Electronic Medical Records and Communication with Patients and Other Clinicians: Are We Talking Less? – Center for Studying Health System Change – 7 April 2010

Posted on April 9, 2010. Filed under: Health Informatics, Medical Records |

Electronic Medical Records and Communication with Patients and Other Clinicians: Are We Talking Less? – Center for Studying Health System Change – 7 April 2010
Issue Brief No. 131
Ann S. O’Malley, Genna R. Cohen, Joy M. Grossman

Media Release

“Commercial electronic medical records (EMRs) both help and hinder physician interpersonal communication—real-time, face-to-face or phone conversations—with patients and other clinicians, according to a new Center for Studying Health System Change (HSC) study based on in-depth interviews with clinicians in 26 physician practices.
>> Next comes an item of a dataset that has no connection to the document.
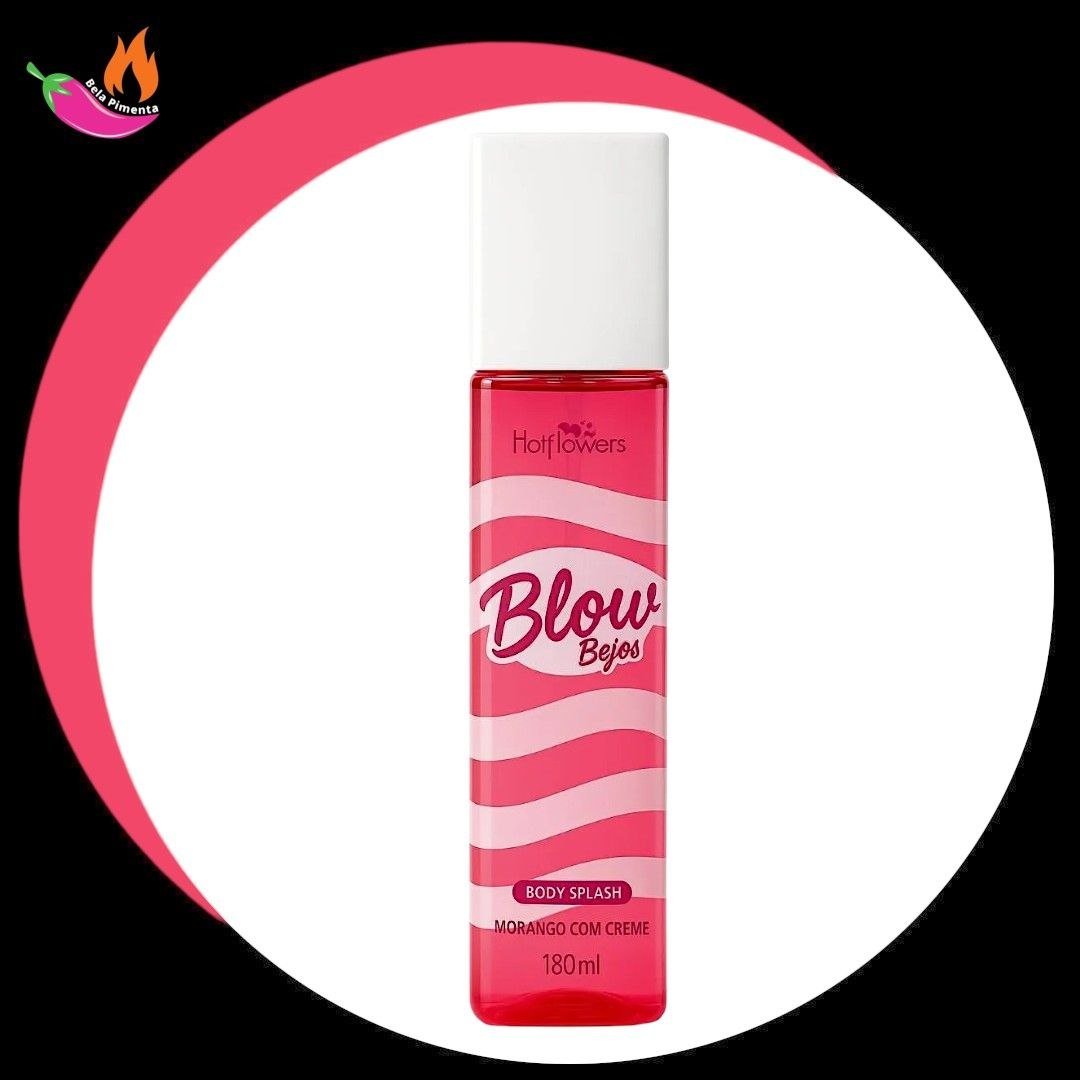 Perfume Corporal Body Splash Blow Beijos 180ml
EMRs assist real-time communication with patients during office visits, primarily through immediate access to patient information, allowing clinicians to talk with patients rather than search for information from paper records. For some clinicians, however, aspects of EMRs pose a distraction during visits. Moreover, some indicated that clinicians may rely on EMRs for information gathering and transfer at the expense of real-time communication with patients and other clinicians. Given time pressures already present in many physician practices, EMR and office-workflow modifications could help ensure that EMRs advance care without compromising interpersonal communication. In particular, policies promoting EMR adoption should consider incorporating communication-skills training for medical trainees and clinicians using EMRs.”